Small thing - more complex societies need more infrastructure, which costs money, and is often easier to fund through the state than privately, although libertarians have found rare historical examples of things like roads being funded privately.

By not having 11 super carriers or providing an inflation adjusted pension to every citizen.

how did the US survive with government spending per capita dramatically lower than now for the first couple hundred years of its history

Since I'm sure you're aware of the differences, at least at a high level, I will note that there's quite a bit of daylight between "the country would not survive" and "abolishing these programs would be a net negative". Especially given, as mentioned, that the major cost drivers are politically untouchable.

I will note that there's quite a bit of daylight between "the country would not survive" and "abolishing these programs would be a net negative".

Ha, my bad, unnecessary rhetorical flair. Of course, this is a complex topic and big spending can be broken down and justified in any number of ways. I just had strong impression that you're from the team that says "no, it's okay to bulldoze over this fence, you just watch!", not the other one, so seeing you, in the context of this discussion, attempting to wield this weapon left me briefly disoriented.
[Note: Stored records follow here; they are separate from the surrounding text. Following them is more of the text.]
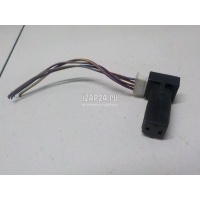Датчик включения стопсигнала BMW Paceman R61 (2012 - 2016) 61318372647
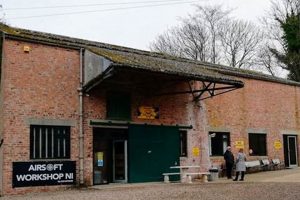 Action-Packed Fun at The Mill NI Paintball & Airsoft Northern Ireland Ultimate Airsoft Guide for Beginners, Tactics & Gear Reviews Action-Packed Fun at The Mill NI Paintball & Airsoft Northern Ireland | Ultimate Airsoft Guide for Beginners, Tactics & Gear Reviews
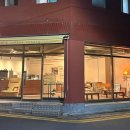 영대병원역 2번출구 이미지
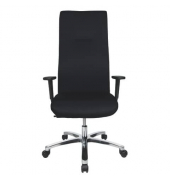 TOPSTAR BT390TW50 Big Star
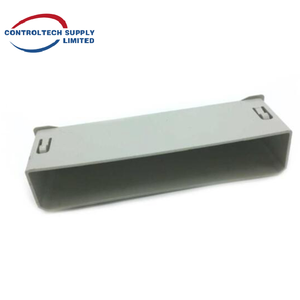Precio de fábrica 1C31238H01 Módulo de entrada digital - Product Image 2
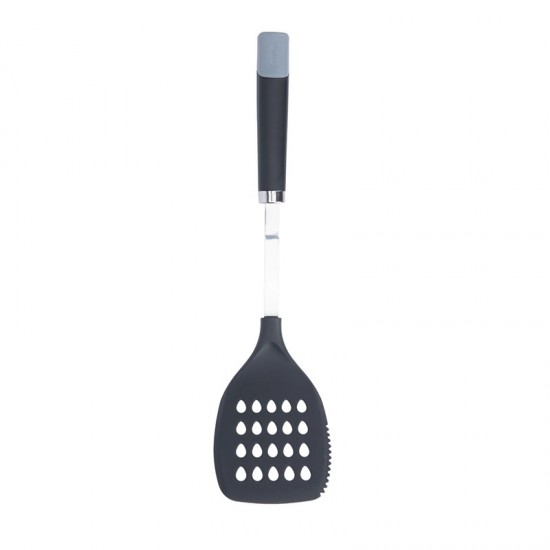 Prestige Easy Prep Slotted Turner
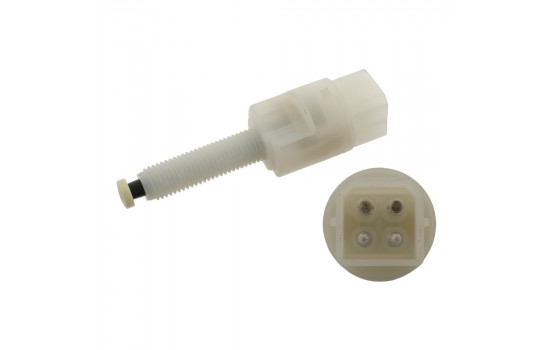 Brake Light Switch 23340 FEBI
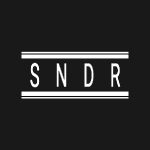 SNDR Design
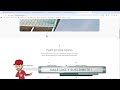 🖐️  Pagina Web GRATIS, subdominio, hosting, SSL, wordpress 1 tutorial español v24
Even today after all the money is spent on defence, veteran benefits, SSI, medicare, other health progams (medicaid), income security (TANF, Section 8, WIC etc), and eduation. The remaining stuff that comes to mind when you think of government (basically all the bureaucracies, parks, etc) adds up to a bit over $100 billion so far this year or about 5.5% of 1.8 trillion spent so far this fiscal year.
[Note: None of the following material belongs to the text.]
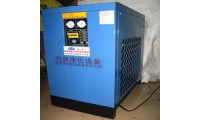 吹瓶行業(yè)專用高壓冷干機(jī) 吹瓶專用撬裝式冷干機(jī)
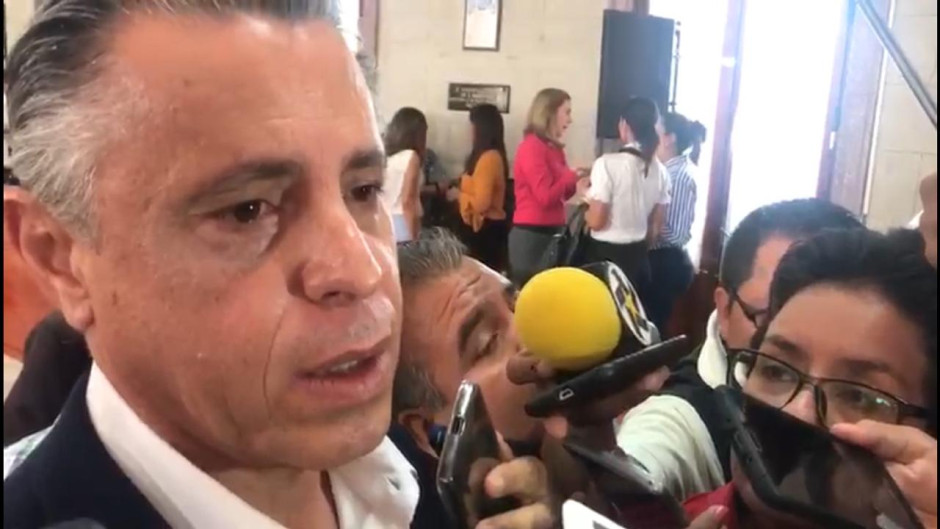 Atenderá Gobierno de Tampico el Rezago en Recolección de Basura y Alumbrado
What percentage of the deficit though?

So far fiscal 2025 YTD it's about 14%. The money goes to the big transfers. Last year Medicare, Social Security, Defense, Interest, Medicaid, Income Security and Veterans Benefits and housing were 80% of the budget and 430% of the deficit.

https://www.usaspending.gov/explorer/budget_function

Last year Medicare, Social Security, Defense, Interest, Medicaid, Income Security and Veterans Benefits and housing were 80% of the budget and 430% of the deficit.

Sure, OK -- but if you're trying to kill the deficit, grabbing whatever low-hanging portion of that 14% exists while you're figuring out what you can do about the big, popular things seems logical?

National debt was much lower, so very little interest to pay; no social welfare programs; small army except in wartime; no horde of "alphabet agencies" interfering with everything.